Winds of change: Evolution vs. revolution

Revolution is when you jump to the next generation. Cut-over takes place quickly and on a large scale: the entire entity is transformed. Evolution is when you take incremental steps to the next generation over a longer period. When dealing with change, only pioneering opportunists or endangered laggards should choose the revolution path over evolution. But the best learning we have from successful major changes is to match revolutionary goals with evolutionary action.

Revolution: jumping to the next generation

According to a cadre of influential management thinkers in the 1990s, the “creative destruction” that revolution fosters keeps organizations on their toes. It helps avoid complacency. It creates confusion in the marketplace that quick-acting organizations can take advantage of. Most importantly, revolution encourages fresh thinking and innovation. And innovation is vital in times of rapid change.

Despite its attractions, revolution has serious shortcomings, and executives who demand continuous revolution court disaster. As the speed and scale of change increases, revolution becomes progressively more disruptive. This is because it affects people, processes, values, and culture.

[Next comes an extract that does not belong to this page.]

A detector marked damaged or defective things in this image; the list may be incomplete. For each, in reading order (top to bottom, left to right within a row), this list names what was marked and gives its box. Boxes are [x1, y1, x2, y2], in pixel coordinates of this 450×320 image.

While changing people might be relatively easy, changing culture is very difficult, and wholesale disruption is impossible to sustain.

Oracle provided an example of misplaced revolution some years back. Though agile and adaptable in the early years, when it was still relatively small, the company’s rapid growth in the 1980s brought it to the brink of disaster.

Such public embarrassments are unusual, but not rare. Because revolution is short-term focused, it often works like steroids for an athlete. Revolution is bad for your health – and continuous revolution can be terminal.

Evolution: step incrementally to the next generation

Evolution avoids fads and cul-de-sacs because it occurs over time. It reduces risk and upheaval. And it allows companies to assess the options and plan accordingly. Evolution tends to deliver superior performance over the long-term, but it can easily degenerate into bureaucracy or complacency, and stifle innovation. Evolution means stepping from the current to the next generation. The steps are incremental, over a period that may take years.

Like revolution, evolution has plenty of heavyweight support. Perhaps most important, there is growing evidence that evolution delivers superior performance over the long-term.

Evolution does have its downside, however. One problem is a continuing need for backward compatibility with predecessors, particularly products and processes. Gradualism keeps organizations more closely tied to their past, creating an unnecessary burden and stifling innovation.

Revolution or evolution?

To decide whether to adopt revolution or evolution, first decide where you want to get to: which of several next-generation possibilities is the one to go for. Next, decide when to make a move, relative to your competitors, the market demand, and the impact on returns that are still possible from the current offerings.

Where and when are closely related to the business strategy. At the enterprise-entity level, the questions where and when are set out in the business strategy (it also says something about how). At component-entity levels – products and processes, for instance – the where and when questions are subsets of the business strategy. Pioneers move early. Their potential rewards are high, but they risk making a wrong choice. Laggards move late. They risk being unable to catch up. Getting the timing right is a balance.

Revolution makes sense for pioneers that spot an opportunity and are prepared to take a high-risk jump to the next generation to cash in on the potential first-mover rewards. Revolution also makes sense for laggards that have slipped so far behind that they risk losing everything if they take no action. At other times – and that’s most of the time – evolution is the better approach.

Always, revolution should be followed by evolution. Call it punctuated equilibrium, to borrow a term from bio-scientific research. The punctuations equate to revolutionary change, and the equilibrium equates to incremental change.

What really seems to work is revolutionary goals achieved through an evolutionary process. Sounds strange but it enables people to have an idea of where they are headed, while allowing time for executives to socialize and the rest of humankind to internalize the change needed.

Dr. Marianne Broadbent is Group Vice President and Global Head of Research for Gartner’s CIO Executive Programs.